02/16/2005 Pitchfork, Album review , 'Believe'
With a title like Believe, you'd think Th' Legendary Shack-Shakers have a specific something to believe in. And yet, the album's cover displays a mishmash of Christian or Muslim hands clasped in prayer, an upside-down star with funky characters on it, palmistry lines on the creepy hand, astrological symbols, crosses, some sort of masonic/Egyptian eye, devil horns, and the sun and moon. What's all that supposed to mean? It's like Douglas Adams' electric monk or something, programmed to believe up to 17 contradictory ideas at once.
Electric monkism follows the band into its music-- cowpunk/psychobilly that deals in quasi-religious/sacreligious vagaries but only hints at a connection to the group's ironic Southern Baptist image. Clearly, they're not theologists, and they seem to think Satan's kinda neat in a noncommital way, so don't come for the preaching-- come for a shit-kicking good time. Th' Legendary Shack-Shakers could be considered style over substance but their music is so much fuxD1and, besides, they do style very well.

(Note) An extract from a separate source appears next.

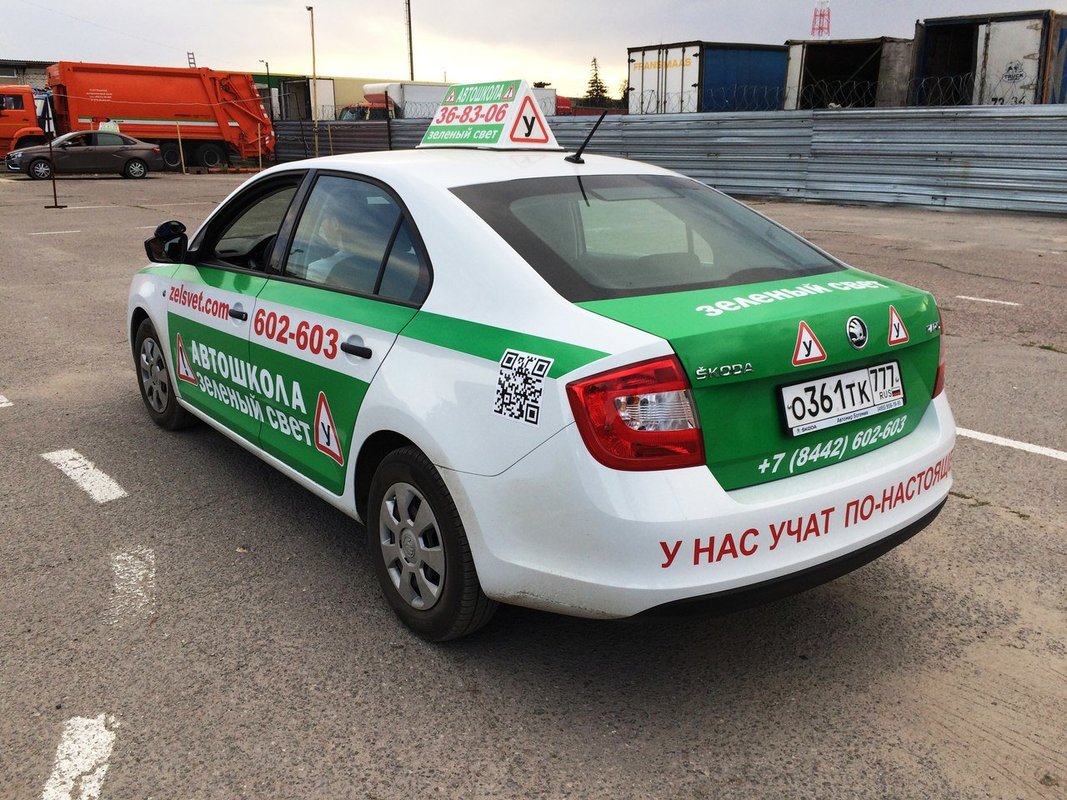 Магазин Зеленый Свет Телефон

They open the album with its high point-- a badass klezmer/rockabilly hoedown called "Agony Wagon", which kicks off with clarinet and accordion riffing, sweet shuffling drums, and fired-up vocal. They seem to realize how good it is, reprising it in the album's closing instrumental. In between, there's plenty of swaggering and stomping about, with big-reverb cowpunk like "Bible Cyst" and "Where's the Devil...When You Need Him?" rubbing up against the ramshackle acoustic waltz ballad "The Pony to Bet On" and distorted hard rock(abilly) numbers like "Cussin' in Tongues" and the Sonny Boy Williamson/Willie Dixon cover "Help Me". The mouth harp gets plenty of action, especially on "Fistwhistle Boogie", where vocalist Col. J.D. Wilkes lets loose on the thing like an Old Western mob on a prisoner.

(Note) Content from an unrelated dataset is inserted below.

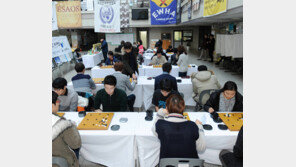 ‘미생’ 인기를 바둑 열풍으로… 희망의 포석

Believe is the second album from the Shack-Shakers (they had the gall to name the first one Cock-a-Doodle-Don't), and by the sound of things they've grown quite comfortable with their spiritually ambiguous ways and more importantly with their brand of wild, raving psychobilly. I actually wish they'd extended the klezmer tip through the whole album, because it's their most interesting card to play, but the chicken shack rock they came up with instead is full of enough piss and vinegar for a plenty good time.